Congrats on a well-reasoned, entirely correct piece of work. You should get this in more newspapers.

Shawn said...

we block legal immigration. That's the way we keep labor costs low to unscrupulous employers. That's the economic part.

...had to read that a few times, and I'm still not quite sure I understand. Is it because there are enough illegal immigrants coming and willing to work, that employers can hire them for low wages, because they have no recourse? If they were legal workers, on work visas, they'd have rights, and wouldn't get paid as low as they do now?

Anonymous said...

It is online but only for registered readers.

Apprently the The Herald-Sun needs to get like Gorby tear down this wall.

Dirty Davey said...

I've thought of one simple reform: if you are not a legal permanent resident, and you blow the whistle on your employer's violation of labor, wage and hour, or worker safety laws, you get a green card.

Just a Thought said...

"Finally, full citizenship for guest workers who qualify, after five years."


This is an important part, and the one part that has been missing from the President's current plan.


if you are not a legal permanent resident, and you blow the whistle on your employer's violation of labor, wage and hour, or worker safety laws, you get a green card.


Interesting amendment. This would be controversial because you could just seek out the worst employer and get instant documents, but it would sure clean employers up. If there were too many violations, before they knew it all of their employees would be legal and demanding higher wages.

Angus said...

I don't think its always true that being illegal lowers your wages.
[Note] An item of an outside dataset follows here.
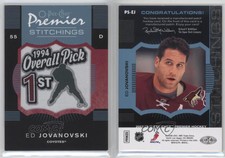 2007-08 O-Pee-Chee Premier Stitchings Variation 25 /25 Ed Jovanovski #PS-EJ
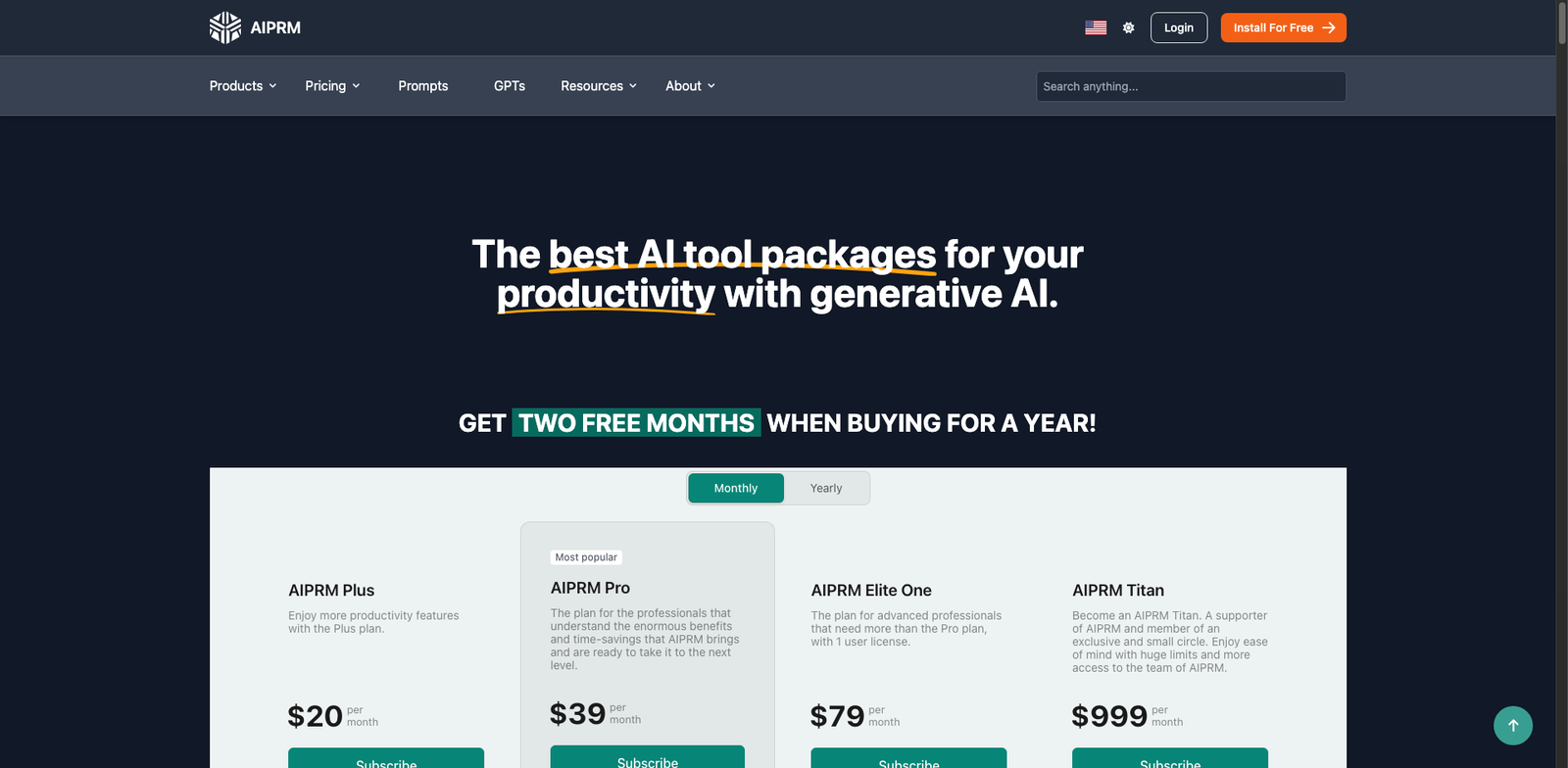 AIPRM pricing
Employers of illegals are not monopsonists. I disagree a bit with Mungowitz here in that I think "business" as a class would be much happier with a large amount of easy, flexible, legal immigration.

The problem with guest worker programs from the point of view of business is that they would be run by a bureaucracy and probably slow to react to changes in supply and demand. That I think is the allure of illegal immigration over a government guest worker program for business; fast reacting flows of workers.

Norman said...

I this is is a very reasonable proposal. It sounds remarkably like many arguments I have heard regarding the ineffectiveness of gun control legislation. I wonder what the readers (and authors) of this blog think of applying this "law enforcement by law repeal" argument to other areas like guns, drugs, or health codes (just as examples).

Just a Thought said...

I don't think its always true that being illegal lowers your wages. Employers of illegals are not monopsonists.
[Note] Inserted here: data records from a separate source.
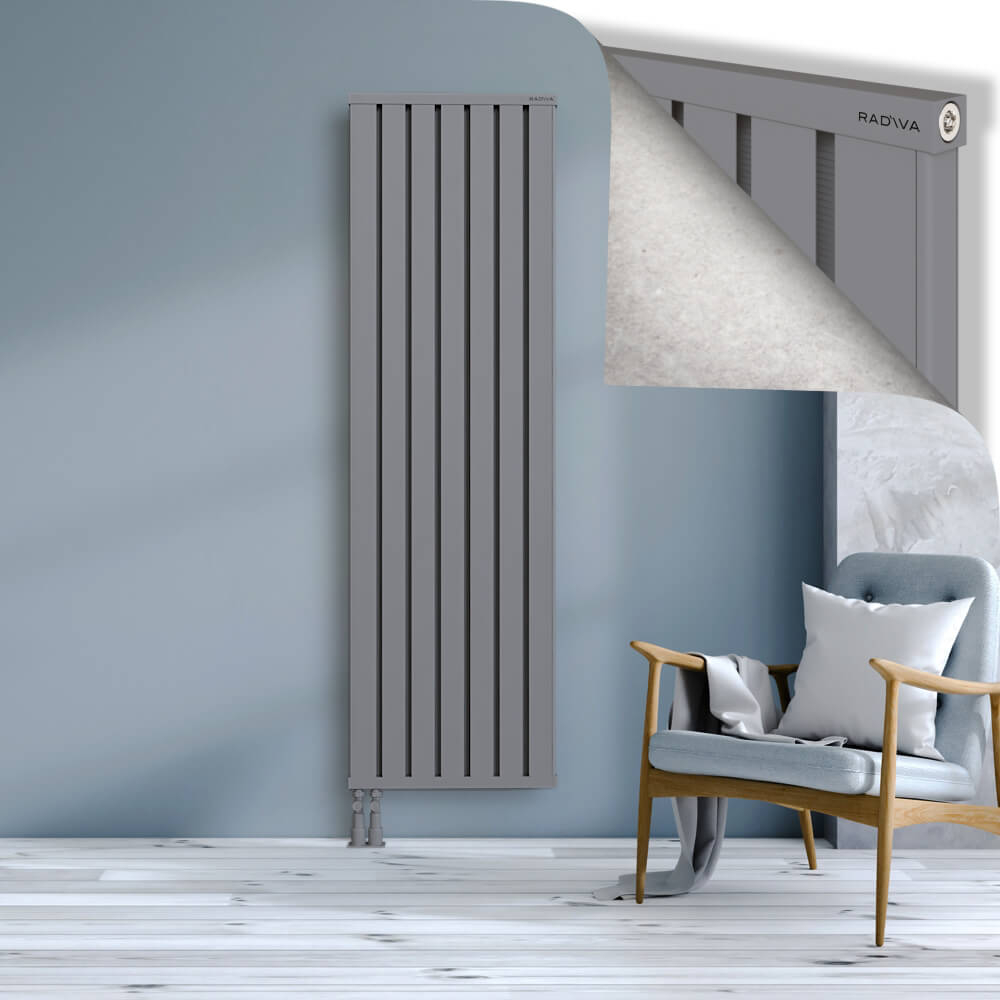 Obi Dekoratif Alüminyum Radyatör 1900x564 Gri - 4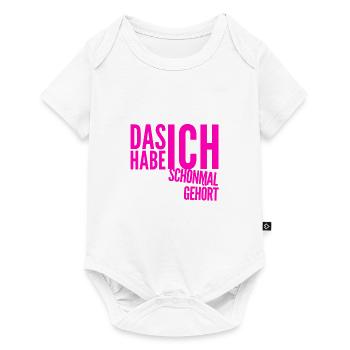 kenn ich schon - Baby Premium Kurzarmbody - Weiß - Vorne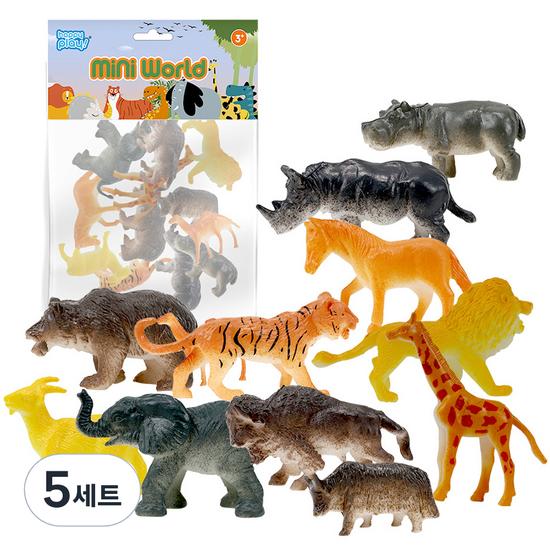 

Happy Play Mini World animal figure 12-piece set ver 1, 5 sets, popular toys in Korea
They don't need to be momopolists though, because they are not in a free labor market. They do not have the same ability to bargain and seek other employment because they will need to find another employer willing to overlook their status (and if they try to bargain they may be deported, so most will be too afraid to take this route.)

The "free labor market" theory is flawed though, because potential employees do not have the ability to walk away from jobs and negotiate as freely as the theory contends. Eventually workers must resort to unfavorable employment to keep food on their table. I know a Psych prof at a good university who worked as a McDonald's fryguy before finding his first job (in Africa!) He has since moved back and into his current position, but he did not have enough employment options (read zero) to bargain, he just had to take a less skilled, lower pay job to keep his children fed.

Anonymous said...

Damn, damn, damn.

In that case, you are the only gubenatorial candidate who supports the new policy. I might have to vote for you, after all. Did you get on the ballot yet?

And after plagarizing Dr. Seuss and everything!!!